Why is this? There are two answers.
First, the atmosphere is way too complex to be able to perfectly simulate every process involved. Second, we can't observe the atmosphere perfectly to start with.
Small errors in the beginning can grow into large errors down the road. Imagine aiming a squirt gun at a spot on the nearest wall. If your aim is off by the smallest of amounts when you squirt, that amount will be magnified when the water hits the wall. And the farther away the wall is, the more you will miss the target.
The ensemble approach allows us to see how much of a potential effect these initial errors can have over two weeks of weather forecasting. Sometimes the atmosphere is relatively stable, and these small initial errors don't have much of an effect, but sometimes they can lead to huge variances in the solutions.
This chart shows an ensemble forecast from Sunday night for cloud cover through the end of the week. This chart is called a "Box and Whisker plot." In this case there are 42 ensemble members, each with slightly different initial conditions. The charts split the data up into four sections, and these sections are called quartiles. The top and bottom quartiles represent the 25 percent of the solutions that have the lowest values and the 25 percent of the solutions with the highest values.
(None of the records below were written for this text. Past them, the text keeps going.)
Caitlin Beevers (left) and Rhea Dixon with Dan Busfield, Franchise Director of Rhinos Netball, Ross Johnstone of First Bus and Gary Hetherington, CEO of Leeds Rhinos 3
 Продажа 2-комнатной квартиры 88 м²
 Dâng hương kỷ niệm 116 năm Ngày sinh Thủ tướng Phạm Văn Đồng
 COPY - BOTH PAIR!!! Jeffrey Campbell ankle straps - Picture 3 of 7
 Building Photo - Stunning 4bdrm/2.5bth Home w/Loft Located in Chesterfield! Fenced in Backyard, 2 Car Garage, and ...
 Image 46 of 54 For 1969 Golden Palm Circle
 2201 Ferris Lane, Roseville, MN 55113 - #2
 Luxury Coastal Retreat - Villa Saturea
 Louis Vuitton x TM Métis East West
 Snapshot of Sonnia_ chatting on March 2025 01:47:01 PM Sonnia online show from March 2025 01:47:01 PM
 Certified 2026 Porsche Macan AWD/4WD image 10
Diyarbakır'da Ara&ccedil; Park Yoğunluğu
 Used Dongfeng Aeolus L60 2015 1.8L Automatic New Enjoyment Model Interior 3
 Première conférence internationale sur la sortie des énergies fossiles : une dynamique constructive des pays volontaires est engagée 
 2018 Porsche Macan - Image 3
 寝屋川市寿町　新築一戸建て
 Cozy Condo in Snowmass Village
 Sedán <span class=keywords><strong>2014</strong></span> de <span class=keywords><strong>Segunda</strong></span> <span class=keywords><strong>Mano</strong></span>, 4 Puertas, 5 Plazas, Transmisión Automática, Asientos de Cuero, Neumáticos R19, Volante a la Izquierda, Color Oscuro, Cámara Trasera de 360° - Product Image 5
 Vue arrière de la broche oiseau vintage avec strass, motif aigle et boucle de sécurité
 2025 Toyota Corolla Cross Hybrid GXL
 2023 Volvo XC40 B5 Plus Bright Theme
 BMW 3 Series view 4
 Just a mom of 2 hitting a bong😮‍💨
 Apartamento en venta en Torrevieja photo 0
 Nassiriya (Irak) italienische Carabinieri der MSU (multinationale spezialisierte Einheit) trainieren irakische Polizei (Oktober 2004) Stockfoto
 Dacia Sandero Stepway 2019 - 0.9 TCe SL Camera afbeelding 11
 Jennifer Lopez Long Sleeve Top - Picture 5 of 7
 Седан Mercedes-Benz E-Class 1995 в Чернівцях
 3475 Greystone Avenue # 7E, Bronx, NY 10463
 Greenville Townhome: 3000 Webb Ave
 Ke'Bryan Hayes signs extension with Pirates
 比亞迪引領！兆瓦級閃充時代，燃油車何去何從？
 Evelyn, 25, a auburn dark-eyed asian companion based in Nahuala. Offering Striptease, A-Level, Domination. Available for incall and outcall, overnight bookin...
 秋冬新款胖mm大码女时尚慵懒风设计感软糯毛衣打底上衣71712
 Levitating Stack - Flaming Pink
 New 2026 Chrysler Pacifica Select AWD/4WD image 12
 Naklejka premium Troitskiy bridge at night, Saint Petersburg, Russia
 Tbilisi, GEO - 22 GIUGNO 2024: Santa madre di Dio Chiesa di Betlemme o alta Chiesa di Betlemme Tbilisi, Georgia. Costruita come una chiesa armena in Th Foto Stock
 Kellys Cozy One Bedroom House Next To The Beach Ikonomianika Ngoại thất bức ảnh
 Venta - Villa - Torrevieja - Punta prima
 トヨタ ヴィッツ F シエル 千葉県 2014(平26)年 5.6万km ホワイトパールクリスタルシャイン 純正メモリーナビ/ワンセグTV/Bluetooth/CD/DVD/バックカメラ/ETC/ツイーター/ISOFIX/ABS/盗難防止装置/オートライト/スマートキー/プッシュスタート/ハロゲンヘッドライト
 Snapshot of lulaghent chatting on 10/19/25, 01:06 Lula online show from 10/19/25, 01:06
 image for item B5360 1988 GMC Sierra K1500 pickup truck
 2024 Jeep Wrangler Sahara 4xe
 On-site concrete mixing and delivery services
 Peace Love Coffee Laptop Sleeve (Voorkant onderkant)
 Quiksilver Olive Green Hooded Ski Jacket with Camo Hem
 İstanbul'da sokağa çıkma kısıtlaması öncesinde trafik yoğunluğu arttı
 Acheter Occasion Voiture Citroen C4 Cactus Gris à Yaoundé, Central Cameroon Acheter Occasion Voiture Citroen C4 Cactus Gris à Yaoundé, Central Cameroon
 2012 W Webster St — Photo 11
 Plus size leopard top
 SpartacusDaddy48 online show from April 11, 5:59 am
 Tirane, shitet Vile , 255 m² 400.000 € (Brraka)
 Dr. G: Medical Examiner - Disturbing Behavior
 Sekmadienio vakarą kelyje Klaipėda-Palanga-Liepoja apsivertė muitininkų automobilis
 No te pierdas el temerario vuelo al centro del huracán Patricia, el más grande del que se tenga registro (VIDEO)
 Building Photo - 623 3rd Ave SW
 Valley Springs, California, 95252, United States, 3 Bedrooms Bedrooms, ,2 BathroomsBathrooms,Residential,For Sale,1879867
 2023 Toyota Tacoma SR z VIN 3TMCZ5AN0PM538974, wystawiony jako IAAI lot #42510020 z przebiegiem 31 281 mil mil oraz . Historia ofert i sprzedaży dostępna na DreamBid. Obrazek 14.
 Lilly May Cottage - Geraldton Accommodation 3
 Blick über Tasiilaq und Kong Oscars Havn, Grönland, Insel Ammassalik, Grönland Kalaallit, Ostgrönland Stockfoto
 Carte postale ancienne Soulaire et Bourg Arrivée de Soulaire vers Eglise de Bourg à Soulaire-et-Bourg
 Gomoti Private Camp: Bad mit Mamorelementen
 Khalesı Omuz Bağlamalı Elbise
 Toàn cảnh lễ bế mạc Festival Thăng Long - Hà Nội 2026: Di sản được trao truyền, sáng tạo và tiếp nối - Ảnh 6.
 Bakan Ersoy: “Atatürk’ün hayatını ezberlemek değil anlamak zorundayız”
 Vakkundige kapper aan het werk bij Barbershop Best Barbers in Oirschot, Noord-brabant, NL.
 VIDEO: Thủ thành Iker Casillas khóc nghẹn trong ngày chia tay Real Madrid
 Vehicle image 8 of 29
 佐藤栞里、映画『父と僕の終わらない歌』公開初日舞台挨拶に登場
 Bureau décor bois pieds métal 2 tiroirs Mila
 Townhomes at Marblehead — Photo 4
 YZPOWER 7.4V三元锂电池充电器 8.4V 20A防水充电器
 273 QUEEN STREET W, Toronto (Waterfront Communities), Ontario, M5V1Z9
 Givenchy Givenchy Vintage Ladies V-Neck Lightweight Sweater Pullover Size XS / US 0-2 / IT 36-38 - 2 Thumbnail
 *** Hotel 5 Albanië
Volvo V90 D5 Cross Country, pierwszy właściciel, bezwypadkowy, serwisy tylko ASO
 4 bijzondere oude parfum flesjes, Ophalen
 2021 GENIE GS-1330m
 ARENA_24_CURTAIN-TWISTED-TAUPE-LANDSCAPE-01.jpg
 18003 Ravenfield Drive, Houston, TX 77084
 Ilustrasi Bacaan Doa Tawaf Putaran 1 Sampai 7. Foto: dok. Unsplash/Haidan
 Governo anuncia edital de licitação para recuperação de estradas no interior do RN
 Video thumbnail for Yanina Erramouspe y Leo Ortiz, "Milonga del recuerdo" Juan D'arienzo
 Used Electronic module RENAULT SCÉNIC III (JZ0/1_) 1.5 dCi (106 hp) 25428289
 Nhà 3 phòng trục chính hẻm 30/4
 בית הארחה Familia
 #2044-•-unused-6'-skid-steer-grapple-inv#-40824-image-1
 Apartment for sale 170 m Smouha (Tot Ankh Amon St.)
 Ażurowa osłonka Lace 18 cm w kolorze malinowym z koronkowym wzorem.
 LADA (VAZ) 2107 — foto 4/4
The middle two quartiles represent 50 percent of the solutions with the values closest to the median.
By the way, the median is the point where half of all the solutions are higher and half of all the solutions are lower.
If the yellow box is small, there is general agreement among the ensemble members and forecast confidence is high, but if the yellow box is large, don't call your bookie in Vegas, because all bets are off!
There is remarkable agreement among the ensemble members pointing to every day this week being overcast, and the first hope for sunshine doesn't arrive until Saturday. It will be interesting to see how accurate the ensemble members are regarding their certainty of the low degree of uncertainty!